Por decisión de esa alcaldesa que sabe mejor que todos nosotros lo que nos conviene, ya no se puede fumar en las playas de Barcelona. El que quiera hacerlo, deberá trasladarse al chiringuito más cercano y hacer gasto, pues parece que en cuanto te alejas de la orilla, los efectos funestos del humo para los fumadores pasivos desaparecen como por arte de magia. Quien insista en practicar su insano vicio en la arena puede enfrentarse a una multa de treinta euros. ¿Era prioritaria esta medida en una ciudad que está a la cabeza de España en okupaciones, que se ha llenado de ladrones, que está descuidada tirando a guarra y en la que las ratas campan por sus respetos por la plaza de Catalunya? Yo diría que no, pero ya se sabe que, en caso de duda, hay que tomarla con los fumadores. Por su propio bien, claro está. El fumador se ha convertido en el principal chivo expiatorio del presente. Se le expulsó de bares y restaurantes, lo cual, a fin de cuentas, no me parece mal: son recintos cerrados y puedes molestar con tus malos humos a mucha gente. Pero ya se habla de prohibir fumar en las terrazas y pronto se le ocurrirá a alguien que hacerlo por la calle, ya sea caminando o sentado en un banco, es intolerable. De momento, las playas, espacio abierto donde los haya que, si no se encuentra especialmente masificado, permite una cierta distancia entre ocupantes de toallas. Pero la prohibición tiene un punto ideológico-sanitario-moralista que, en el fondo, oculta una merma de los derechos del ciudadano, uno de los cuales es elegir su propia manera de morirse.

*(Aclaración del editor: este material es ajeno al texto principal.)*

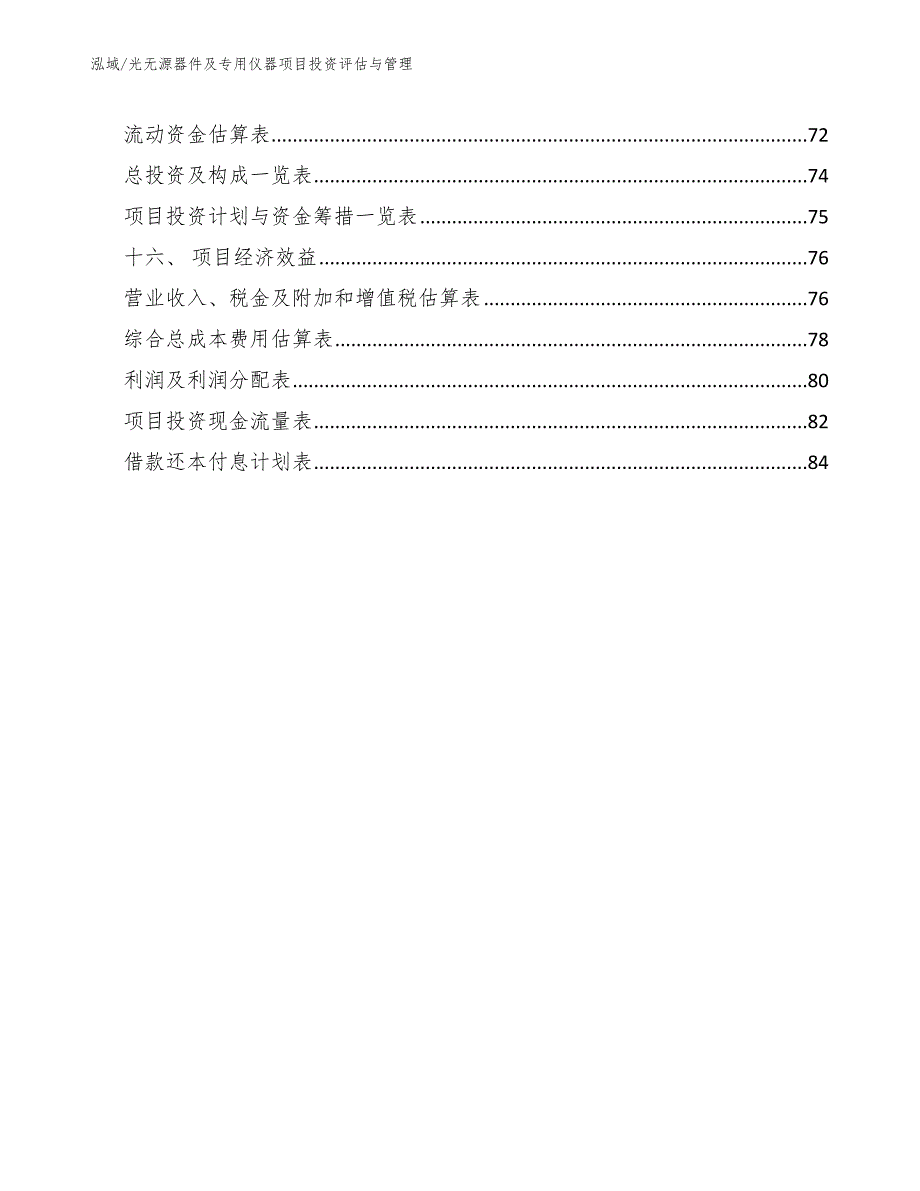 光无源器件及专用仪器项目投资评估与管理_参考_第2页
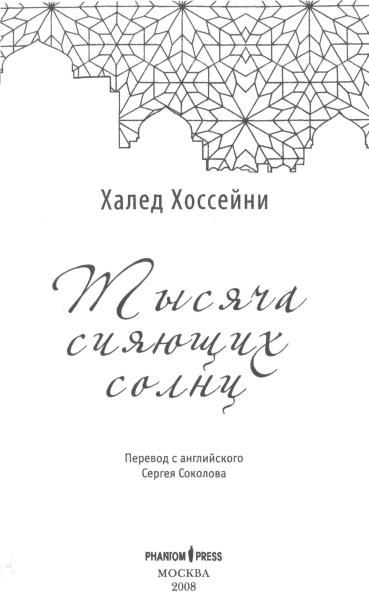 тысяча сияющих солнц книгу скачать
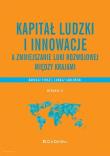 Kapitał ludzki i innowacje a zmniejszanie luki... Autor: Firszt Dariusz, Jabłoński Łukasz. Dadada.pl Okładka książki Kapitał ludzki i innowacje a zmniejszanie luki..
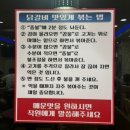 김선하의 닭갈비 궁중누룽지탕(본점) 이미지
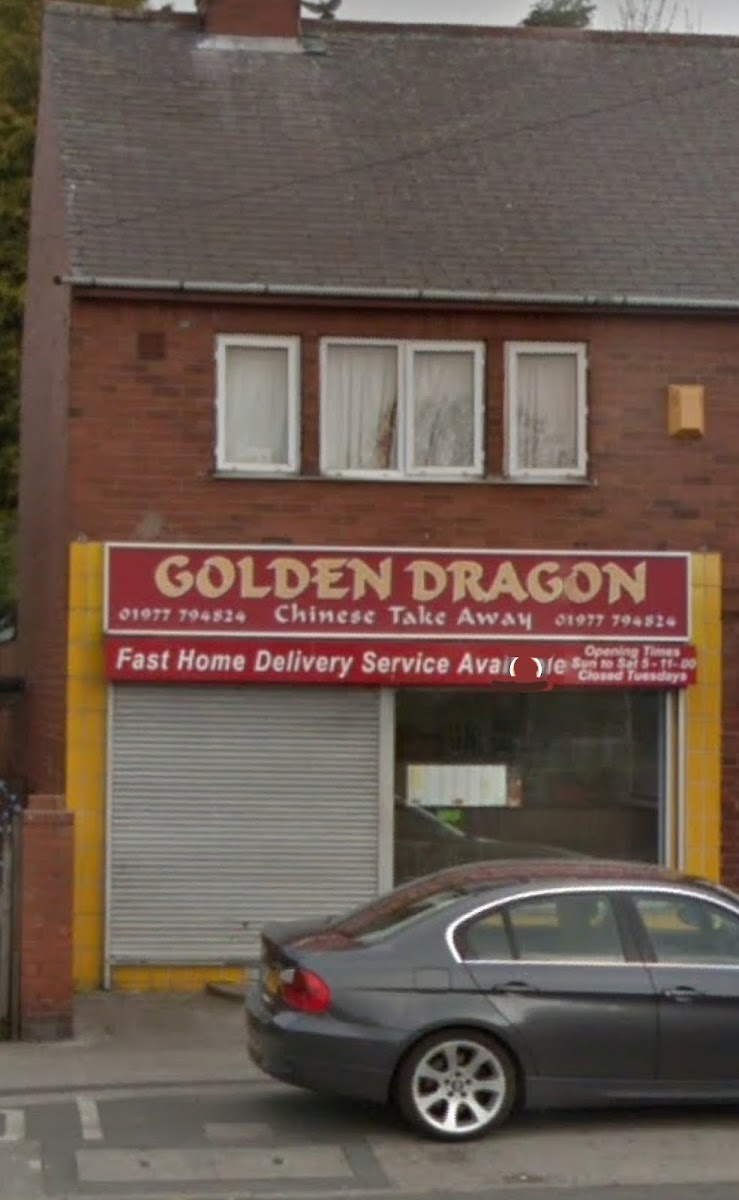 Golden Dragon - Pontefract WF8 2HD - Photo 4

No negaré que hay fumadores más bien guarros que tienen la mala costumbre de hundir las colillas en la arena, algo muy feo y que no debe hacerse. Pero también los hay que coleccionan sus colillas cuidadosamente y se deshacen de ellas en la papelera más cercana cuando abandonan la playa. La nueva prohibición castiga injustamente a los segundos, a quienes, como algunos recordarán, hubo una época en la que se les facilitaba una especie de cucurucho-cenicero que resultaba especialmente práctico, pues así podías fumar sin acumular colillas ni enterrarlas en la arena para amargarle la vida al que viniera después de ti. Y ni siquiera se ha pensado en habilitar una zona de las playas para fumadores, privilegio que sí merecen los perros (que pueden dejar tras ellos materiales más contundentes que las colillas). Puestos a culpabilizar al fumador, esas zonas restringidas podrían estar valladas y vigiladas por agentes de la guardia urbana (que podrían hacer doblete y repartir los cucuruchos). Se crearían así una especie de campos de concentración, progresistas y sostenibles, en los que esa gente infame que fuma podría dar rienda suelta a su demencia y su maldad en condiciones de seguridad para el resto de bañistas. Aceptaría, incluso, que quien osara enterrar una colilla en la arena se llevara, junto a la correspondiente multa, un porrazo de los vigilantes. Marginados y culpabilizados, los fumadores podrían, por lo menos, salvaguardar de mala manera su libre albedrío.

Cartel de prohibición de playas sin humo en la Barceloneta / LUIS MIGUEL AÑÓN (MA)

Pero ni eso. Adiós al pitillito de después de nadar, que tan bien sienta (aparentemente, claro). Adiós a los cucuruchos para almacenar colillas. ¿Qué pagan justos por pecadores? Bueno, ya se sabe que no se puede hacer una tortilla sin romperle los huevos a alguien (o algo parecido). Los perros tienen derecho a su propia playa. Las ratas tienen a su disposición la plaza más relevante de Barcelona. Pero para los fumadores, nada de nada, pues, como todo el mundo sabe, tienen la culpa de todo lo que va mal en el mundo en general y en Barcelona en particular. No tardarán mucho en echarles la culpa del cambio climático. O del asesinato de Kennedy.